Immediately prior to the completion of this amalgamation, there will be 2,582,800 (following completion of the above noted share consolidation) AXEA shares outstanding. Following completion of the amalgamation, the former shareholders of MCW will own approximately 96% of the AXEA shares, and current shareholders of AXEA will hold approximately 4% of the AXEA shares. Accordingly, this amalgamation will constitute a reverse takeover of AXEA.
This proposed amalgamation is an arm’s length transaction and therefore is not a related party transaction. As a result, no meeting of AXEA shareholders is required as a condition to the completion of the proposed amalgamation. Pursuant to the previously signed Letter of Intent executed by both parties in connection with the amalgamation, prior to the closing of the amalgamation, MCW is permitted to issue up to 3,500,000 shares of MCW from treasury and convertible securities exercisable for up to 10,000,000 shares of MCW. Following the completion of this amalgamation, the Amalgamated Corporation will be a wholly owned subsidiary of AXEA. Completion of this amalgamation is conditional upon all necessary regulatory approvals, including the approval of the Exchange, and other conditions which are typical for a business combination transaction of this nature.
After giving effect to this amalgamation, it is expected that AXEA will carry on business under the name “MCW Energy Group Limited” (or such other name as may be acceptable to applicable regulatory authorities), and the AXEA shares are expected to be listed on the Exchange under a new trading symbol.

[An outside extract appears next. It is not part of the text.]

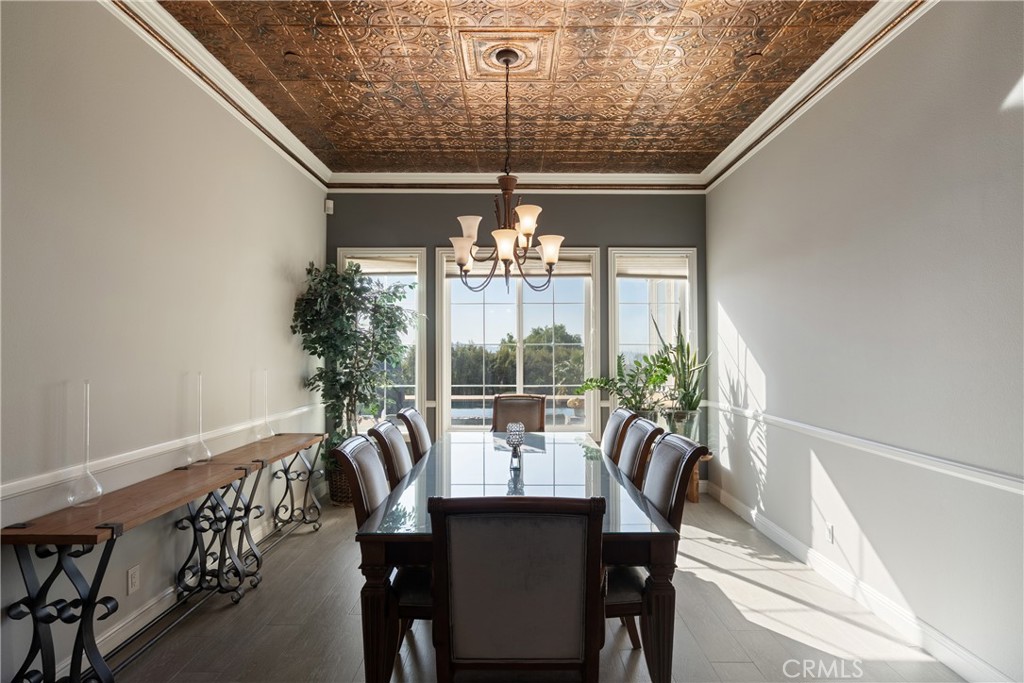 9669 Norbrook Drive Rancho Cucamonga, CA 91737 - Photo 8 of 47 a view of a dining room with furniture a chandelier and large windows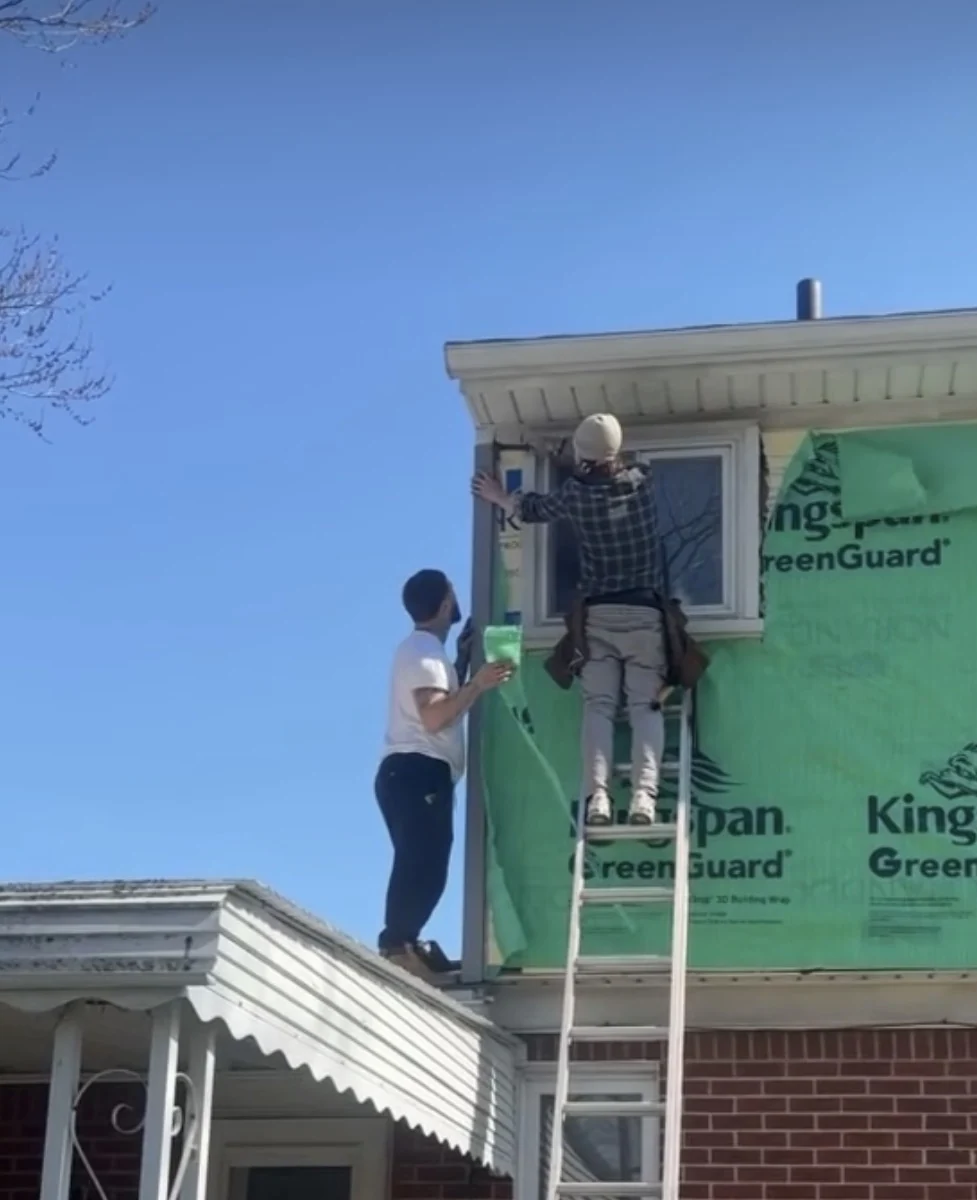 Crew working on exterior trim beside an upper-story window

The companies voluntarily sought trading suspension of their respective shares pending disclosure of material information from December 27, 2011.
MCW management feels that a Toronto Venture Exchange listing will increase liquidity for MCW shareholders everywhere (new and existing) and will open up a robust, new forum of North American investors who are well informed on resource issues, especially oil sands investors in Canada.